§ **YOUR GOAL**: All the entries need to be quoted exactly, apart from the pictures, which you should drop.

──────── SUPPLIED MATERIAL ────────

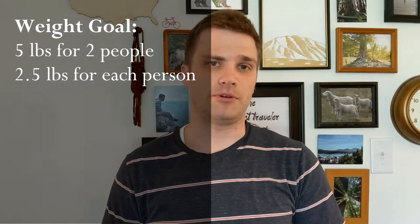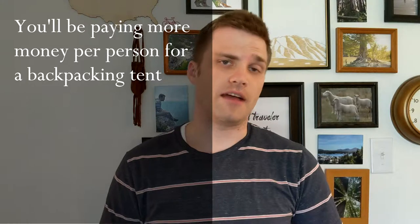The next category is backpackers. Backpackers have completely different needs than car campers — weight matters because you're hauling that tent for potentially 10 to 20 miles in one day. Even five extra pounds is a lot. The rule of thumb is about five pounds per every two people. The price range for a backpacking tent is anywhere from $50 to $250, and the reason it costs more than a car camping tent is that as the quality and weight of materials go down, the price goes up.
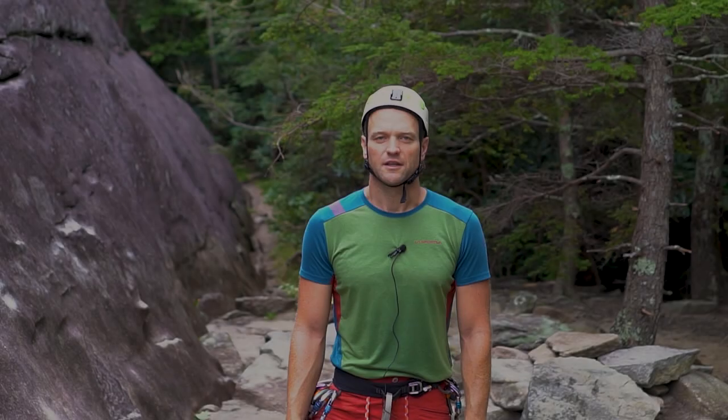Hello, my name is Jason Schmaltz and I'm an AMJ Single Pitch Instructor. Today I'm going to talk to you about one of my most favorite subjects and one of the things I love to do, which is taking awesome photos of people climbing.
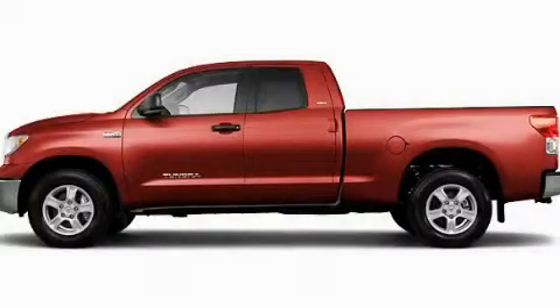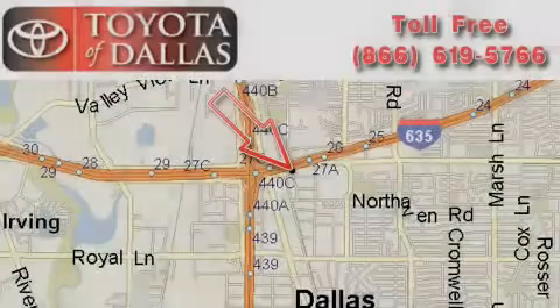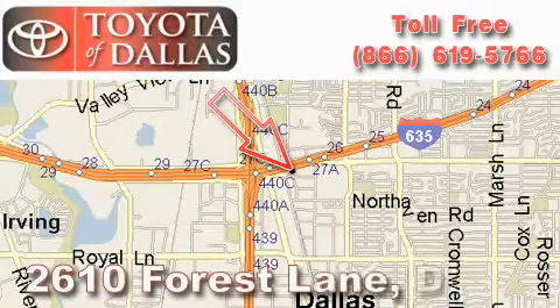Contact us today and schedule your opportunity to see this vehicle in person. Toyota of Dallas is located at 2610 Forest Lane.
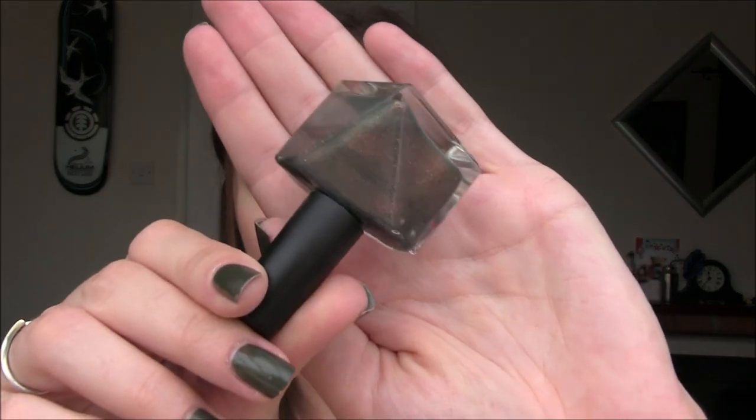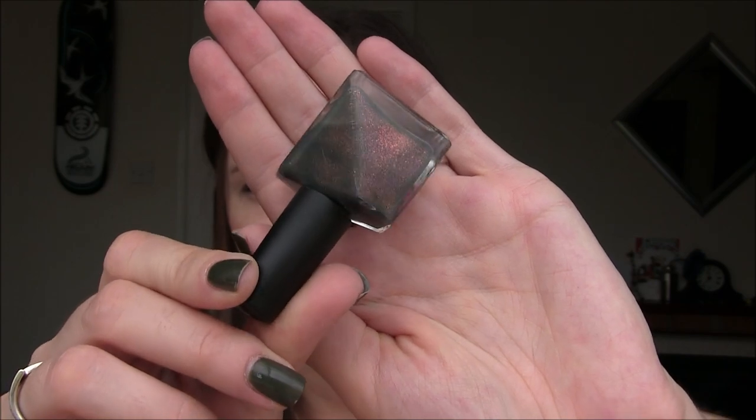Moving on to another sheer polish — You Don't Know Jack About My Beans by Super Chick Lacquer. This is an extremely thin formula. Three coats looked so bad that I broke my usual rule and added a fourth coat. I did really love it once built up. This is from a fairy tale collection — they tend to be sheerer, but the combination of shimmers and glitters is stunning. It has a coppery red flash and an almost holographic shimmer running through it. Very unique — but four coats needed.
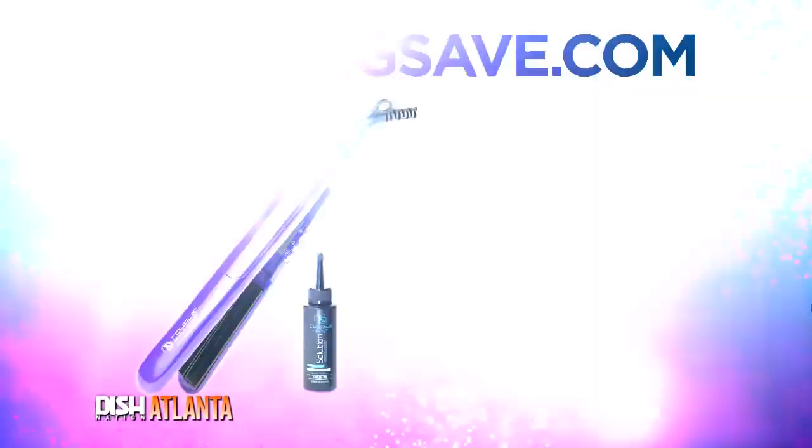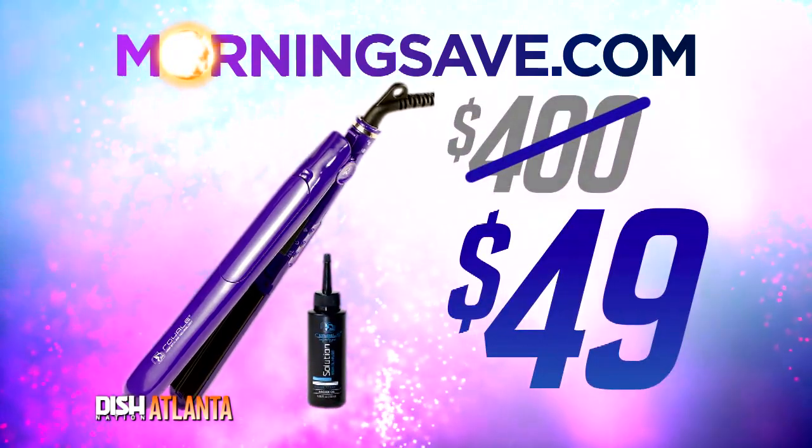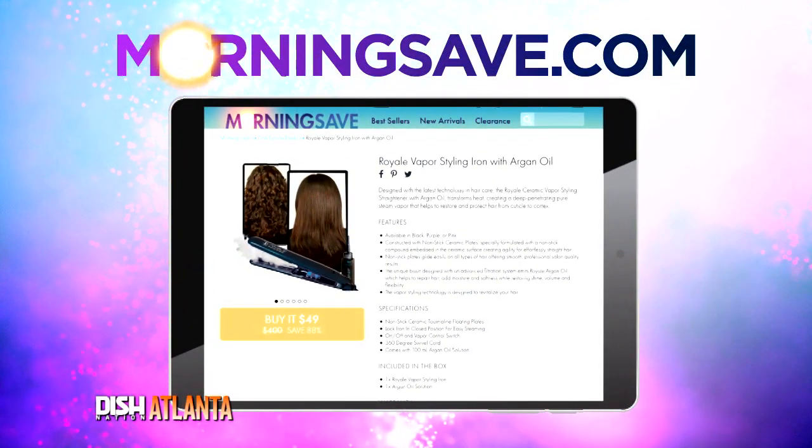I love that. And you know what? Usually professional hair care products cost a lot of money, Portia. Oh yeah, so how much are you going to pay for this? Yeah, you used to run something like $400. But for our Dish Nation family, it's only $49. $49? Woo! That could be one of our biggest deals yet — hair crack. So go to MorningSafe.com and get this straight-up great deal a day.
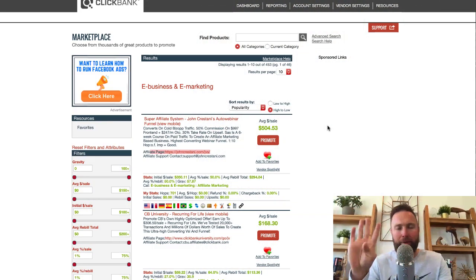Before we get into the top four products, I want to explain exactly what I did to find these quality products on ClickBank. This is really going to help when you're filtering through thousands of products available in the ClickBank marketplace — you'll be able to cherry pick and choose the best product.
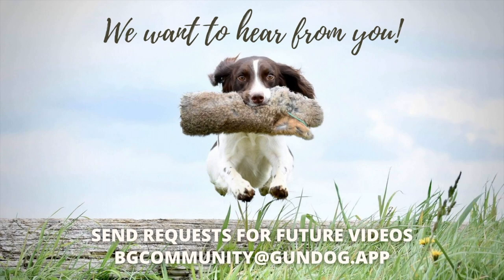We want you and your dog to get the most out of the Gundog app. If you have any questions or want us to cover anything in more depth, email us at vgcommunity@gundog.app.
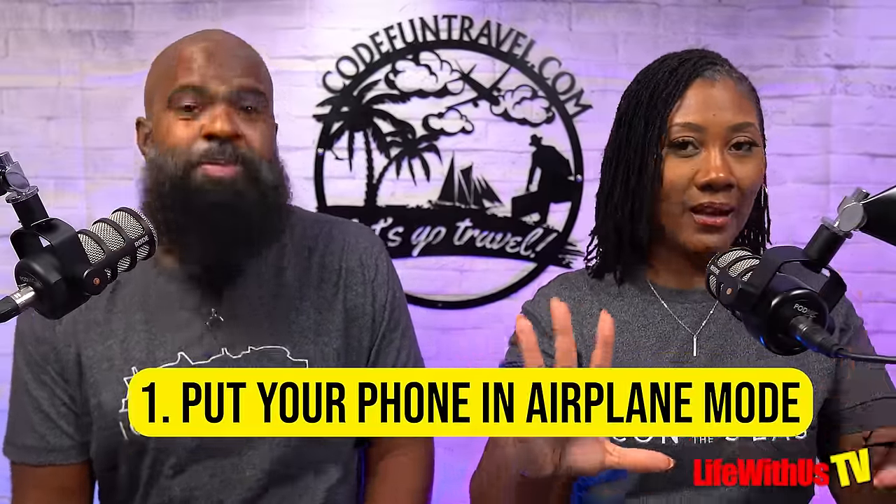Tip number one for the first-time Royal Caribbean cruiser: put that phone in airplane mode. Airplane mode will still allow you to tap into the ship's Wi-Fi. You'll still be able to use your Royal Caribbean app and do all normal functions like taking video and photos. What this prevents is returning home with a huge phone bill, because your phone will try to roam the entire time you're out at sea, unless you have a special package with your provider that covers at-sea cruising.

────────

§ **RESPONSE FOR THIS EXERCISE**:
The next category is backpackers. Backpackers have completely different needs than car campers — weight matters because you're hauling that tent for potentially 10 to 20 miles in one day. Even five extra pounds is a lot. The rule of thumb is about five pounds per every two people. The price range for a backpacking tent is anywhere from $50 to $250, and the reason it costs more than a car camping tent is that as the quality and weight of materials go down, the price goes up.
Hello, my name is Jason Schmaltz and I'm an AMJ Single Pitch Instructor. Today I'm going to talk to you about one of my most favorite subjects and one of the things I love to do, which is taking awesome photos of people climbing.
Contact us today and schedule your opportunity to see this vehicle in person. Toyota of Dallas is located at 2610 Forest Lane.
Moving on to another sheer polish — You Don't Know Jack About My Beans by Super Chick Lacquer. This is an extremely thin formula. Three coats looked so bad that I broke my usual rule and added a fourth coat. I did really love it once built up. This is from a fairy tale collection — they tend to be sheerer, but the combination of shimmers and glitters is stunning. It has a coppery red flash and an almost holographic shimmer running through it. Very unique — but four coats needed.
I love that. And you know what? Usually professional hair care products cost a lot of money, Portia. Oh yeah, so how much are you going to pay for this? Yeah, you used to run something like $400. But for our Dish Nation family, it's only $49. $49? Woo! That could be one of our biggest deals yet — hair crack. So go to MorningSafe.com and get this straight-up great deal a day.
Before we get into the top four products, I want to explain exactly what I did to find these quality products on ClickBank. This is really going to help when you're filtering through thousands of products available in the ClickBank marketplace — you'll be able to cherry pick and choose the best product.
We want you and your dog to get the most out of the Gundog app. If you have any questions or want us to cover anything in more depth, email us at vgcommunity@gundog.app.
Tip number one for the first-time Royal Caribbean cruiser: put that phone in airplane mode. Airplane mode will still allow you to tap into the ship's Wi-Fi. You'll still be able to use your Royal Caribbean app and do all normal functions like taking video and photos. What this prevents is returning home with a huge phone bill, because your phone will try to roam the entire time you're out at sea, unless you have a special package with your provider that covers at-sea cruising.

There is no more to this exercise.